Stroke victims and other brain injuries

The same principal works for stroke victims and paraplegics. Stroke victims lose control of certain parts of their brain and paraplegics lose control of certain parts of their body. A Neuralink could take over the function of these broken pieces. In the Q&A after the presentation he explained: “If you can sense what someone is trying to do with their limbs, you can place a second implant at the place of where the spinal injury of the paraplegic occurred and create somewhat of a spinal shunt.”  In an earlier podcast with Joe Rogan he shared even more insights on the appliance of Neuralink: “A Neuralink in your brain could stop epilepsy form occurring. It could detect an attack in real time and fire out a counter pulse that will stop the attack.” He went on to say that the Neuralink could also be used to cure depression, addiction and a multitude of other disabilities.

Science fiction

As if these first prototypical appliances weren’t revolutionary enough, we can’t help ourselves jumping to futuristic science-fictional scenarios in which we can use this technology to evolve as a species.
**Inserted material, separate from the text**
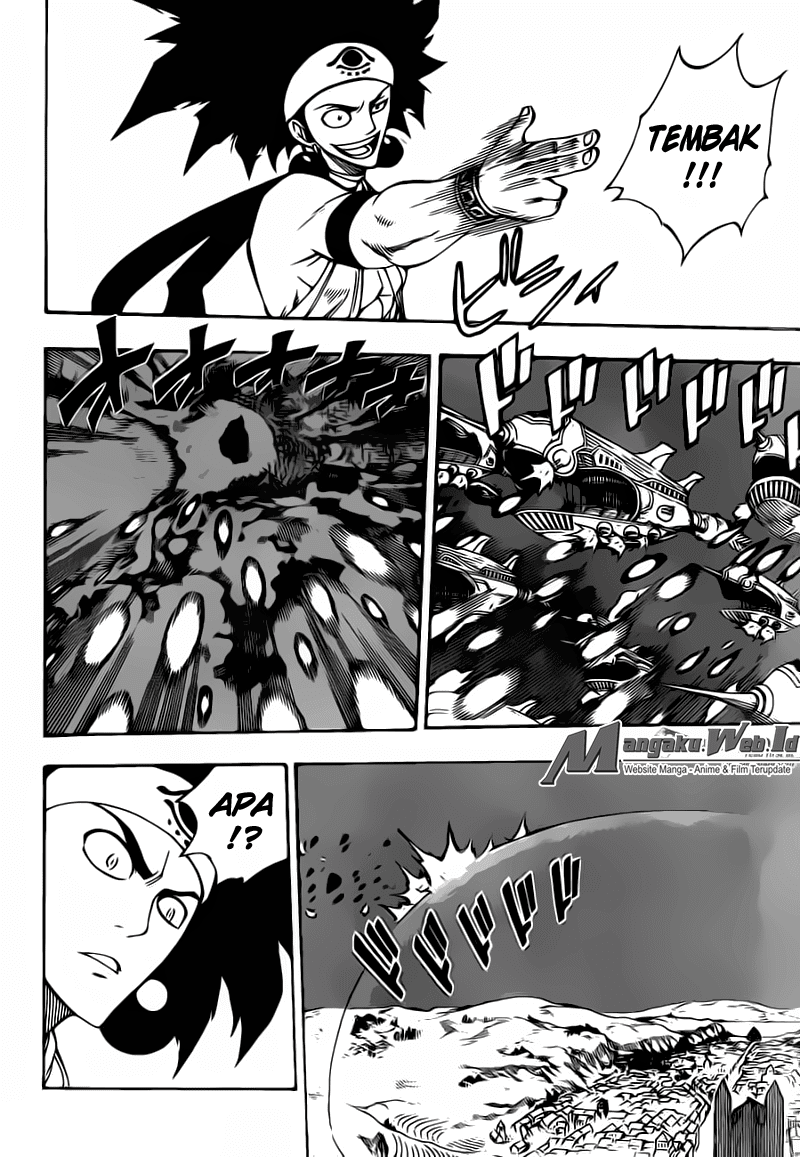 Fairy Tail Chapter 454 Gambar 4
And Musk has indicated that this is not so far off.

Improving data rate

In the future these brain chips might help us improve our data rate (the speed at which we process and communicate information). “The data rate for a normal human being is about 100 bits per second; that’s being generous. A computer can communicate at 100 terra bits per second.” This means that by implementing Neuralinks in the brain, the accuracy and speed at which we can process and communicate information can be greatly increased. This is actually similar to upgrading your IQ.
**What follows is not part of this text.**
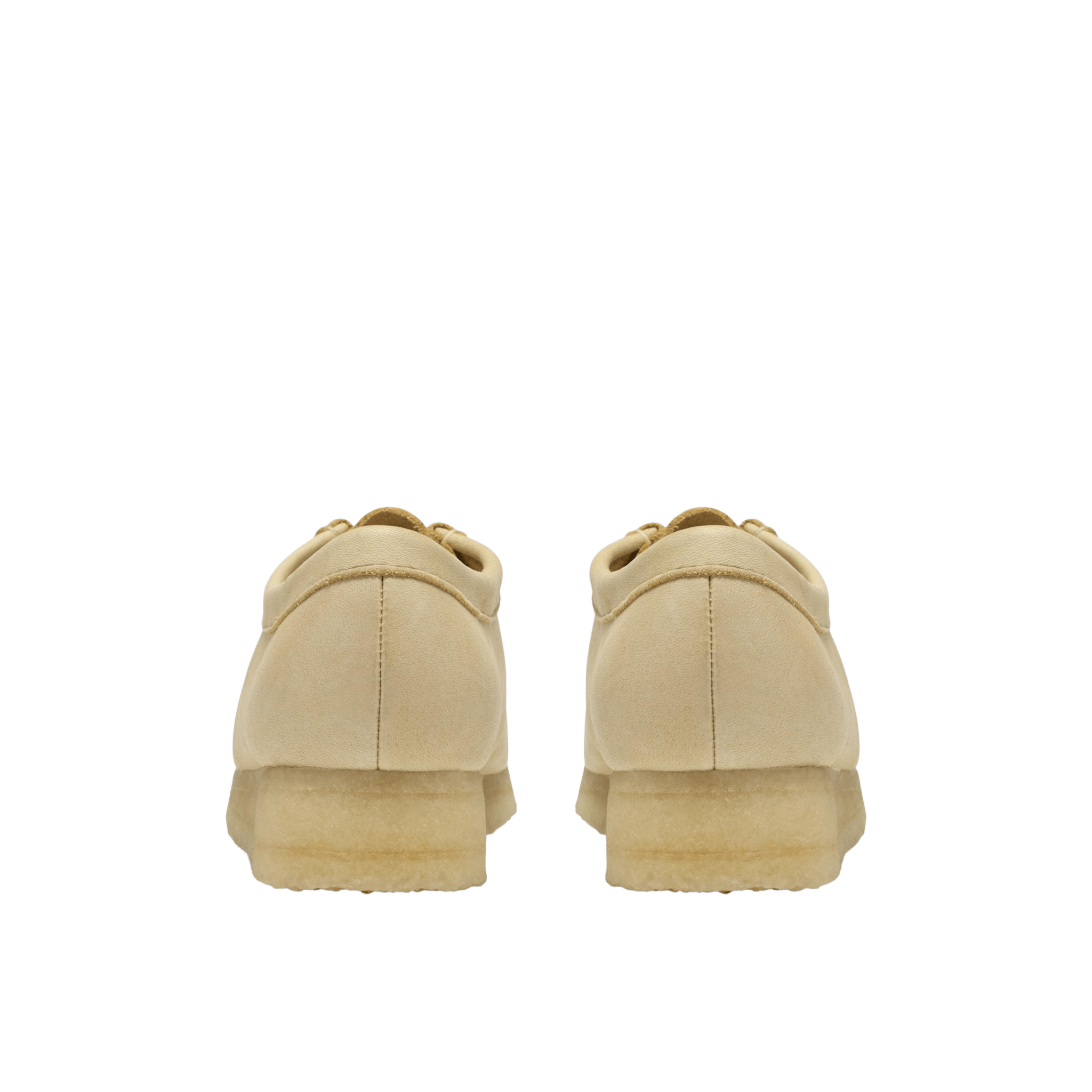 Clarks Originals Wallabee Pale Yellow Leather Wmns - CCLAO11208 - Coziness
Communicating without talking

Musk also added that our main way of communicating is a very inefficient way of sharing information: we talk. The problem with talking is that the talker tries to compress highly complex ideas into words, that he/she then shares. Although this compression may or may not be done effectively, these words are then decompressed and interpreted by another person, into, for them understandable terms. But often the receiving person’s interpretation is not the same as what the talker tried to convey. This leads to a failure to communicate. Musk hopes to combat this by offering a solution. Neuralink will give us the possibility to communicate only with our minds. This way he hopes to make our way communicating more effective and efficient.

When Joe Rogan asked how long it would take for this wild, futuristic scenario to become a reality, Musk did not disappoint. “There is still a lot of work to do, but if the development continues to accelerate, five to ten years.”